◆ Directions for this task ◆
Reproduce the listing word for word, leaving every picture behind.

◆ Given material ◆
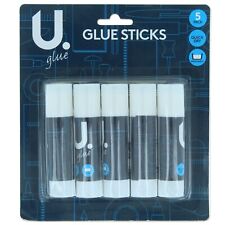 QUALITY 10x GLUE STICKS School/Home/Office WASHABLE CRAFT NON-TOXIC ADHESIVE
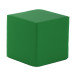 Cubix green  antistress ball 
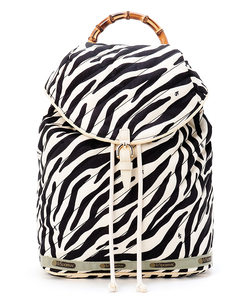 QUILT BAMBOO BACKPACKGN[u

◆ Solution to this problem ◆
 QUALITY 10x GLUE STICKS School/Home/Office WASHABLE CRAFT NON-TOXIC ADHESIVE
 Cubix green  antistress ball 
 QUILT BAMBOO BACKPACKGN[u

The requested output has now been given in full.